I recently came across a technique in the Python decorator library's memoized decorator which allows it to support instance methods:

import collections
import functools


class memoized(object):
    '''Decorator. Caches a function's return value each time it is called.
    If called later with the same arguments, the cached value is returned
    (not reevaluated).
    '''
    def __init__(self, func):
        self.func = func
        self.cache = {}

    def __call__(self, *args):
        if not isinstance(args, collections.Hashable):
        # uncacheable. a list, for instance.
        # better to not cache than blow up.
            return self.func(*args)
        if args in self.cache:
            return self.cache[args]
        else:
            value = self.func(*args)
            self.cache[args] = value
            return value

    def __repr__(self):
        '''Return the function's docstring.'''
        return self.func.__doc__

    def __get__(self, obj, objtype):
        '''Support instance methods.'''
        return functools.partial(self.__call__, obj)

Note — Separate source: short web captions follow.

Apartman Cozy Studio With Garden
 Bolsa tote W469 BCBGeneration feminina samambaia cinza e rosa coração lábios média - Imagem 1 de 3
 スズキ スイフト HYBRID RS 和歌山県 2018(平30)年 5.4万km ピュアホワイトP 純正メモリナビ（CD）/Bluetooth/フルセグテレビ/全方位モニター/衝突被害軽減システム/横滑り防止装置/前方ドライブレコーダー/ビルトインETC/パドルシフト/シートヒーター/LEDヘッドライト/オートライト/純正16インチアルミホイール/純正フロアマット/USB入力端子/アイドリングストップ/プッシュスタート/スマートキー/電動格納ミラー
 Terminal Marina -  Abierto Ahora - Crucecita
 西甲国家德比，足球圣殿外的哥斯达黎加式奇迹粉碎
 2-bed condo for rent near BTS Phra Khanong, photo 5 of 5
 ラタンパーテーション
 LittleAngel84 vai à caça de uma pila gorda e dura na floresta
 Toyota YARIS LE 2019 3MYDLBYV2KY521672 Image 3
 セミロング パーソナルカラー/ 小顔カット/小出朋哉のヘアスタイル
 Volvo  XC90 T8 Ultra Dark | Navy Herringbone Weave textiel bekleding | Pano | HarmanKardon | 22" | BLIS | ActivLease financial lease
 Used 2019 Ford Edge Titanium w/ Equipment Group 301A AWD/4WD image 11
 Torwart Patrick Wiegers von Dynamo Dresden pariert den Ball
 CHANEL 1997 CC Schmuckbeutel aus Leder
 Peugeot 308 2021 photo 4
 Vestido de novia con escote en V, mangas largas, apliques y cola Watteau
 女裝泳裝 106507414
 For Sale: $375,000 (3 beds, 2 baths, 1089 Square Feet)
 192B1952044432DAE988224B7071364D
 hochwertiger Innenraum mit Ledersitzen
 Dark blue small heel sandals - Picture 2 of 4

The __get__ method is, as explained in the doc string, where the 'magic happens' to make the decorator support instance methods. Here are some tests showing that it works:

import pytest

def test_memoized_function():
    @memoized
    def fibonacci(n):
        "Return the nth fibonacci number."
        if n in (0, 1):
            return n
        return fibonacci(n-1) + fibonacci(n-2)

    assert fibonacci(12) == 144

def test_memoized_instance_method():
    class Dummy(object):
        @memoized
        def fibonacci(self, n):
            "Return the nth fibonacci number."
            if n in (0, 1):
                return n
            return self.fibonacci(n-1) + self.fibonacci(n-2)            

    assert Dummy().fibonacci(12) == 144

if __name__ == "__main__":
    pytest.main([__file__])

What I'm trying to understand is: how does this technique work exactly? It seems to be quite generally applicable to class-based decorators, and I applied it in my answer to Is it possible to numpy.vectorize an instance method?.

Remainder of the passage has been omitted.